SWBG blog
Labour’s second budget, did the Chancellor get it right?
Blog by Sara Cowan, Director, and Carmen Martinez, Policy and Engagement Lead
After weeks of speculation about what measures would feature in her second budget, the Chancellor has finally delivered her Autumn Statement. As always, it is a mixed bag—but this budget does include some measures worth celebrating from a women’s equality perspective.
Let’s start with the most obvious win: an end to the two-child limit. After years of mounting evidence—and thanks to the tireless work of many organisations and individuals, including those under the banner of the End Child Poverty Coalition—the UK is finally seeing the end of this punitive policy. The result? Around 350,000 children will be lifted out of poverty, and a further 700,000 will find themselves in less deep poverty.
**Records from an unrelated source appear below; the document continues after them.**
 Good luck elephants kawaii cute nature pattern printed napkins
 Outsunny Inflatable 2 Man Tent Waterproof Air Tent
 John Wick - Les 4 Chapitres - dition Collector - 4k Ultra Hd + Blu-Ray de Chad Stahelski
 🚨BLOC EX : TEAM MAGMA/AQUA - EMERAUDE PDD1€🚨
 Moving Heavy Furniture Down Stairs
In Scotland, the Scottish Government had already committed to mitigating the two-child limit. However, today’s announcement will free up the £155 million that was to be allocated to achieve this commitment. This extra funding should be directed toward other policies aimed at tackling child poverty in line with the government’s priorities, for example increasing the rate of the Scottish Child Payment. Yet with the benefit cap still in place, the Scottish Government will need to continue to cover costs of mitigating its impact.
Another announcement that will have a significant impact on women is the decision to support families with three or more children by increasing the maximum amount of childcare costs they can claim through Universal Credit. Equally important as introducing new measures is ensuring that existing policies work effectively. In this regard, it is reassuring to see a written commitment for the Department for Work and Pensions to reassess overpayments caused by incorrect operational guidance on averaging fluctuating earnings, and to begin reducing, cancelling, or reimbursing debts previously collected from affected carers from 2026.
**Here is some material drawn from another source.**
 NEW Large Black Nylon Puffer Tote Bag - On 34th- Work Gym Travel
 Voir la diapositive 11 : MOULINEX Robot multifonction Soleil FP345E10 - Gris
While the focus on social security is welcome, the UK budget’s biggest omission remains social infrastructure. There was no mention of care infrastructure or support for care services, childcare or social care —provisions that are essential for advancing women’s equality. This is an area we will hope to hear a lot more about in the Scottish Budget, particularly regarding critical investment in social care services that could support the delivery of the Scottish Government’s commitment to ending non-residential social care charges.
Another highlight of the budget was the increase in the minimum wage and the move to equalise earnings for younger workers. For women, who are more likely to be on lower wages, including many childcare workers, this increase is particularly significant. However, we continue to call for payment of at least the real living wage to all those working in the care sector, with higher wages for frontline roles in social care and childcare, to recognise the skilled nature of the work.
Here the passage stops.